After running some proper tests on my numbers function, I realized it’s completely flawed in more than a few ways. In this session I plan on fixing those issues.

Checking numbers pt2

Previously, I planned on only storing 29-bit numbers and reserving 3 bits for flags. The idea was to allow me to store a number as if it were a word by simply setting a 1-bit flag. However cool that may sound, in theory it wouldn’t work because a number is a literal value. It doesn’t make sense to treat it as a word - because it’s not - and why lose 3 bits just for that?

Another issue is the minus sign was being counted as a character, so the actual number’s length could not be more than 8 digits if it were negative.

Next, there was an issue when negating the 29-bit number, because neg works on the 32-bit word, not 29-bit, so the converted negative number was actually not always correct.

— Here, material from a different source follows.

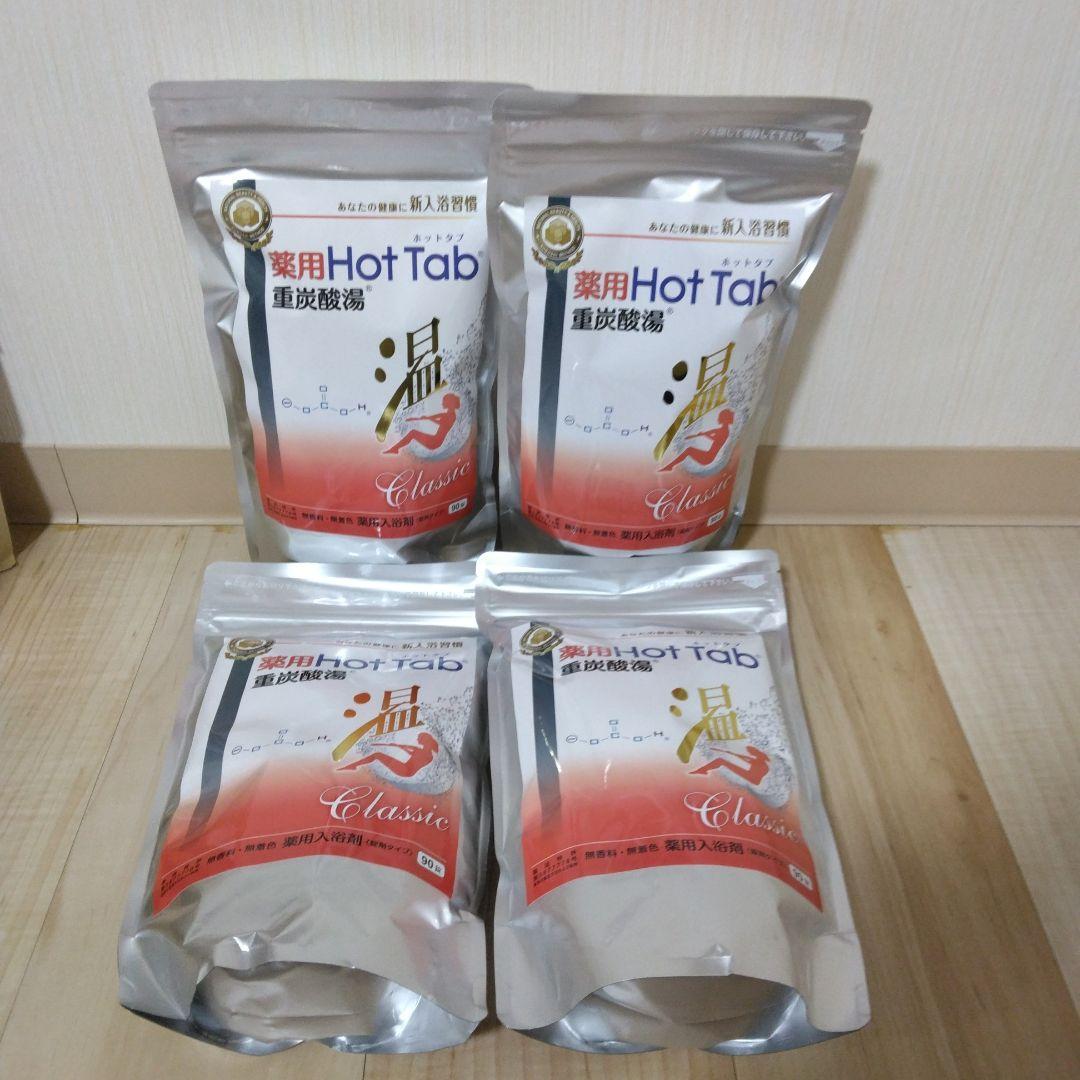 薬用ホットタブ　重炭酸湯　Classic 90錠　4セット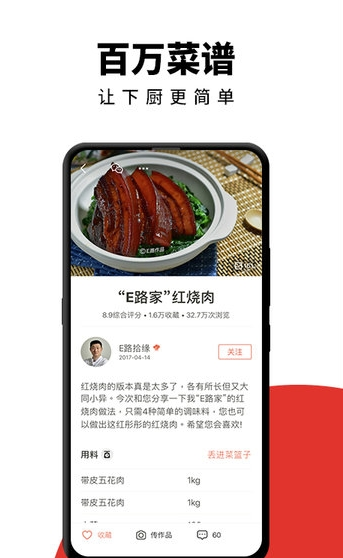 下厨房安卓版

Finally, I somehow forgot to set the 3-bit flag values (001) in the number.. but anyways we’ll get rid of that by converting to a 32-bit number and leaving it at that.

The first change we’ll make is to extend the maximum token length:

-    li t1, 9                    # initialize temporary to 9: log10(2^29) = 8 + 1 = max 9 characters
-    bgtu a1, t1, number_error   # if token is more than 9 characters, it's too long to be an integer
+    li t1, 10                   # initialize temporary to 10: floor(log10(2^32)) = 9 + 1 = max 10 characters
+    addi t2, t1, 1              # initialize temporary to 11: max characters + 1 for minus sign
+    bgtu a1, t2, number_error   # if token is more than 11 characters, it's too long to be an integer

Here we know that a 32-bit number can only have a maximum of 10 digits, so we store that in t1, but we’ll need one more for the optional minus sign, so we store that in t2. Then we change our comparison to check if the token is more than 11 characters. This seems a bit roundabout, but we’ll re-use the 10 value later as our multiplier, and our greater than bounds check.

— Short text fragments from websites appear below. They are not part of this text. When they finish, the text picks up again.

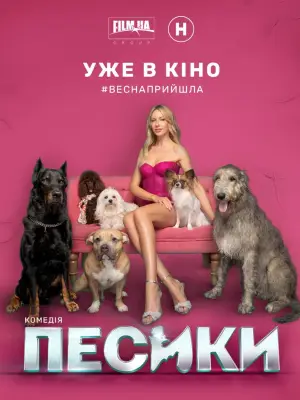 Постер до фильму"Песики" #880190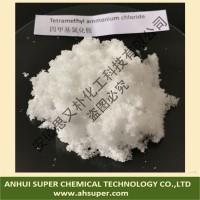 四甲基氯化銨      CAS：75-57-0     類白色固體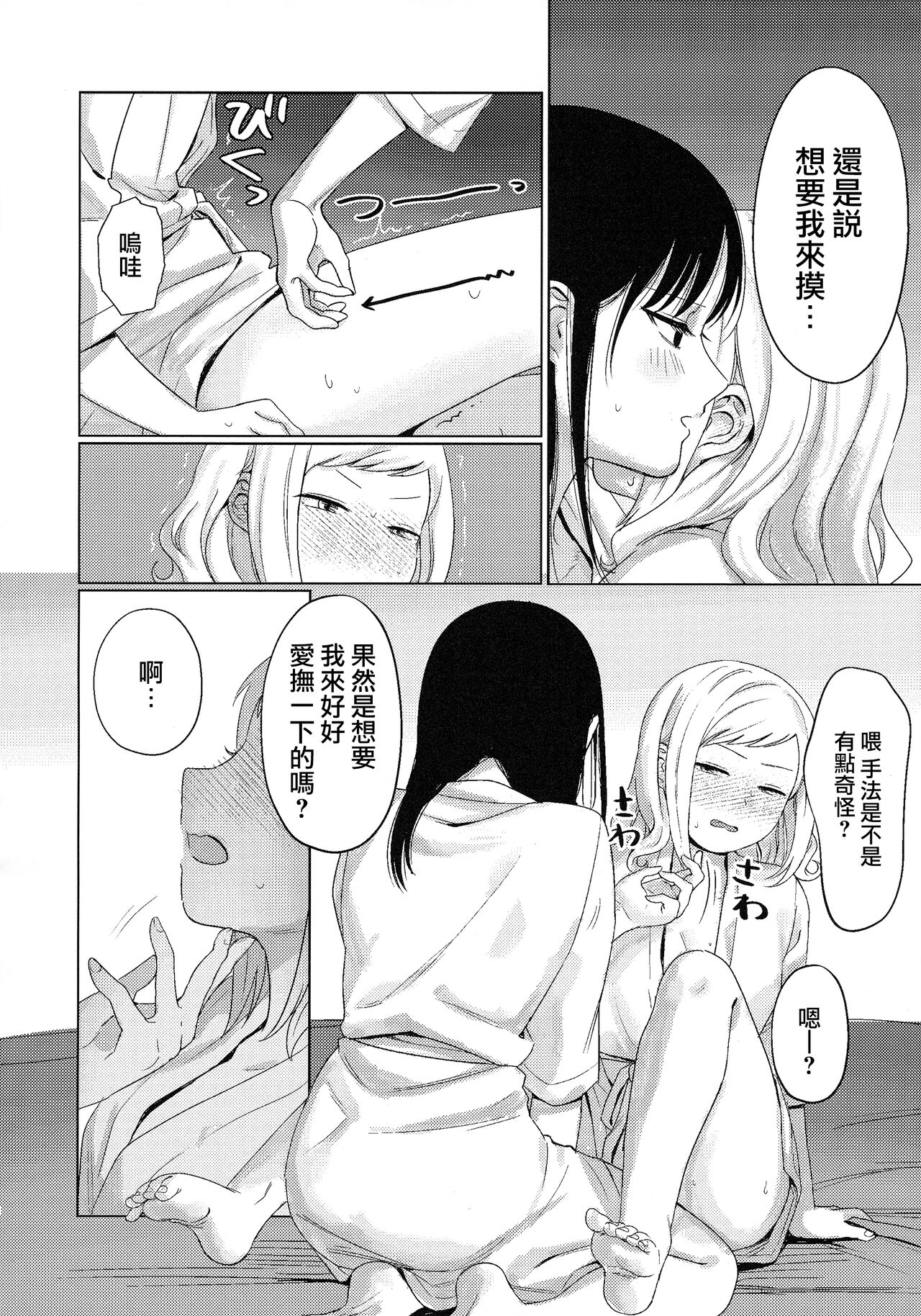 Motenaishi Love Hotel |  不受歡迎的情人旅館 - Page 18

Speaking of bounds check, we were previously using 2 instructions for that: bltz to check if a digit is less than 0, and bgtu to check if it’s greater than 9. I replaced them with a single instruction that uses bgeu to perform both checks (it’s an unsigned branch check, which I also used in token):

-    bltz t2, number_error       # check if character is lower than 0, if yes then error
-    bgtu t2, t1, number_error   # check if character is greater than 9, if yes then error
+    bgeu t2, t1, number_error   # check if character is < 0 or >= 10

Nice!

The final change was where we performed a bounds check on the number, the previous code was totally not what I expected, so I fixed it like this:

-    li t1, (2^29)-1             # largest acceptable number size: 29 bits
+    li t1, 0xFFFFFFFF           # load the largest acceptable number size: 32 bits

This is much simpler and easier to understand. That hex value is 2^32 - 1.

Closing thoughts

I guess with this new method of checking numbers, I’ll be forced to use the traditional Forth approach of enclosing a literal with [ and ]. I didn’t really want to add those primitives in assembly, but as I mentioned in devlog 24, I feel that handling numbers correctly - natively - is quite important as opposed to writing some weird Forth code to do that.

I’m looking forward to getting back to the interpreter implementation in the next session, assuming I don’t discover more bugs in my numbers function.